Eine grundlegende Reform der UNO wird schon lange gefordert, doch faktisch ist sie seit Jahren blockiert. Wirklich radikale Reformen dürften jederzeit am Veto der Sicherheitsmächte scheitern. Es ist verflixt: Eine Abschaffung des Vetorechts scheitert garantiert am Veto der grossen Mächte (genauso wie in der Schweiz der Versuch einer Abschaffung des Ständemehrs für Initiativen sicher am Ständemehr scheitern würde). Frankreich fordert also einen ständigen Sitz für Afrika. Es ist jedoch kaum sinnvoll, noch mehr Vetomächte zu schaffen. Netto sollte deren Zahl zumindest nicht steigen. Also gäbe es nur eine Lösung: Verzicht. Und welche der fünf Mächte könnte am ehesten auf einen Sicherheitsratssitz verzichten, wenn nicht Frankreich? Das Privileg widerspiegelt seit der Entkolonialisierung bei weitem nicht mehr die heutige Bedeutung der Grande Nation. Das Gleiche gilt für Grossbritannien seit das British Empire zerfallen ist. Die Francophonie wie der Commonwealth sind nur noch lose Staatengruppen, nostalgische Vereine für die ehemaligen Weltmächte.

Nachdem nun Frankreich und Grossbritannien diese Woche eine enge Militärkooperation bekannt gegeben haben, könnten sie noch einen Schritt weiter gehen: Warum geben die beiden Länder nicht gemeinsam ihre ständige Vertretung im Sicherheitsrat und ihr Vetorecht freiwillig und konzertiert auf?
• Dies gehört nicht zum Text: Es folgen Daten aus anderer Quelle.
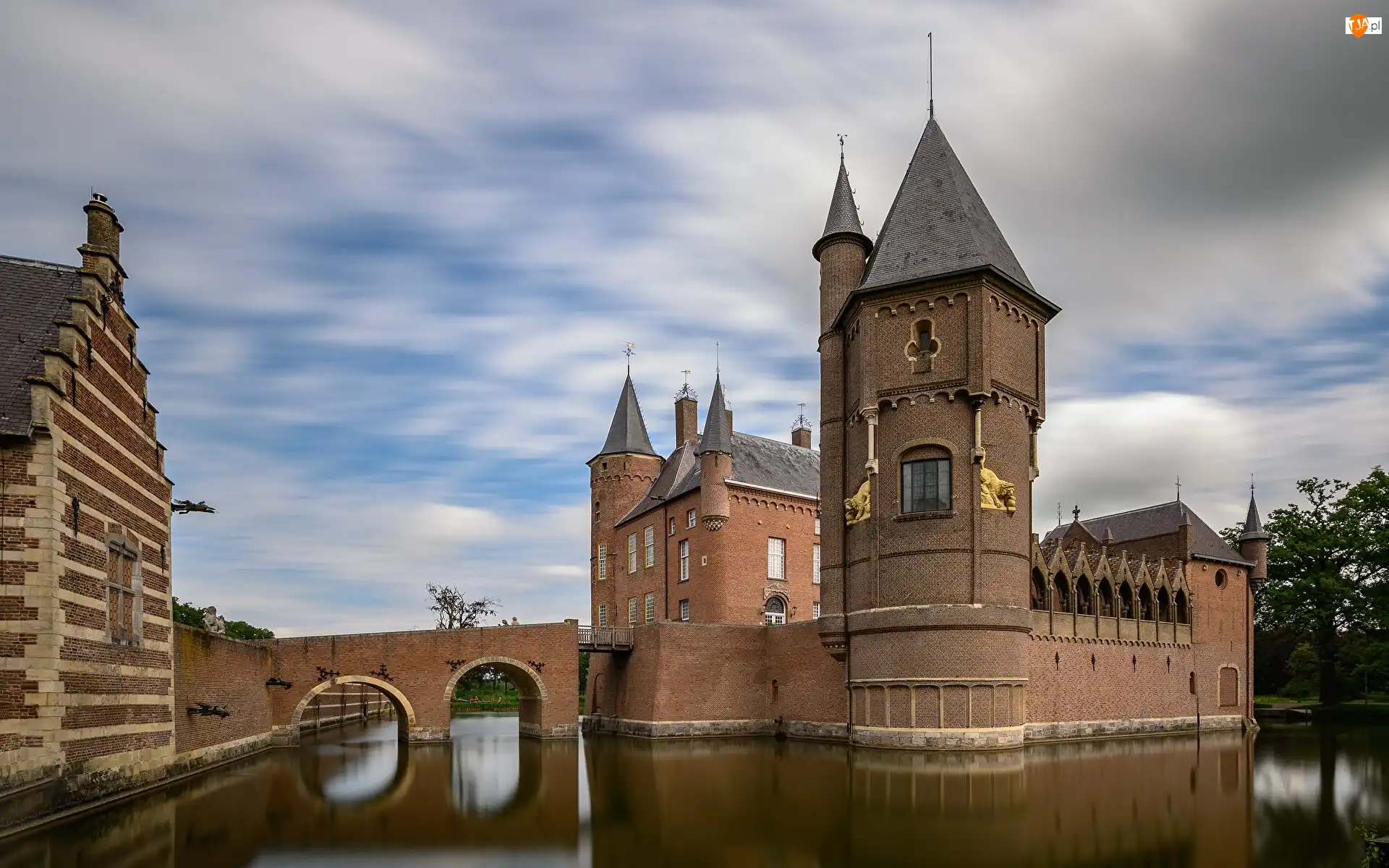 Brabancja Północna, Pond Heeswijk, Chmury, Holandia, Niebo, Wieża, Zamek Heeswijk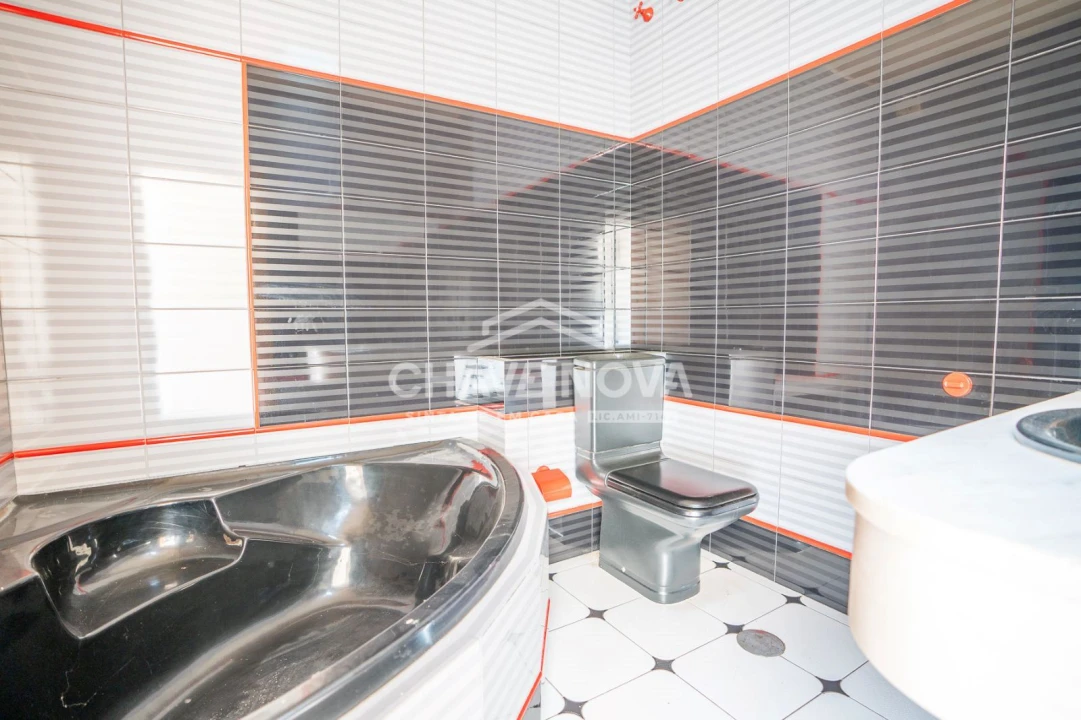 Moradia T4 para Venda em Azurem Foto 10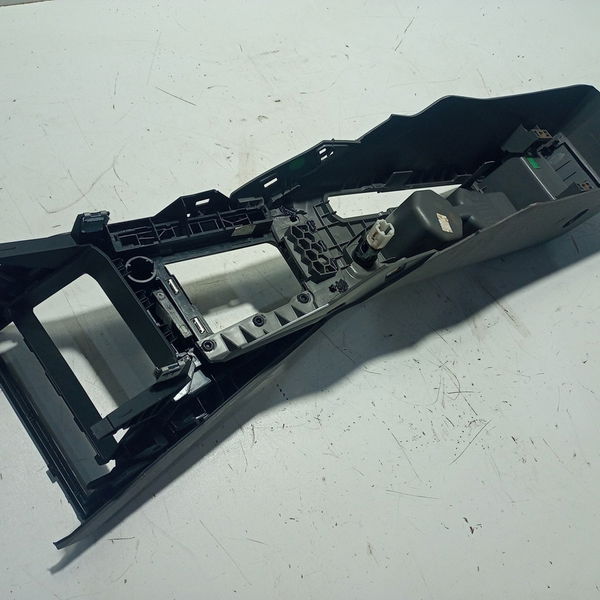 Console Central C/ Tomada 12v Virtus E Polo 2019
Das wäre ein revolutionärer Schritt, der erstens eine ziemliche Dynamik in die UNO-Reform bringen dürfte. Damit liesse sich zweitens die Aspiration der heute wieder grössten Macht in Europa kontern, die seit einigen Jahren einen ständigen Sitz im Sicherheitsrat fordert: Statt Deutschland auch in den Klub der UN-Weltmächte aufzunehmen, ginge man besser zu einem einzigen Sitz für die EU als Ganzem über – das gäbe drittens der immer wieder beschworenen gemeinsamen EU-Aussenpolitik klarere Konturen, als es die Ernennung der Baronin Catherine Ashton zur Hohen Vertreterin für die Aussen- und Sicherheitspolitik (der ersten Quasi-EU-Aussenministerin) vor fast genau einem Jahr vermocht hat. Natürlich wird das so schnell nicht passieren. Wer gibt schon gerne Macht, Privilegien und Prestige ab?

Nachtrag (10.11.10): Vorgestern liess US-Präsident Obama verlauten, er unterstütze den Wunsch Indiens auf einen ständige Vertretung im Sicherheitsrat. Das ist tatsächlich sinnvoll: Indien ist nicht nur eine Atommacht und ein aufstrebender Wirtschaftsstandort, sondern gemessen an der Bevölkerungszahl die zweitgrösste Nation der Welt (und wird China wohl in absehbarer Zeit überholen, denn in Indien gibt es keine Einkind-Politik). Wenn irgendein Staat neu einen ständigen Sicherheitsratssitz bekommen soll, dann steht Indien dafür in der besten Position.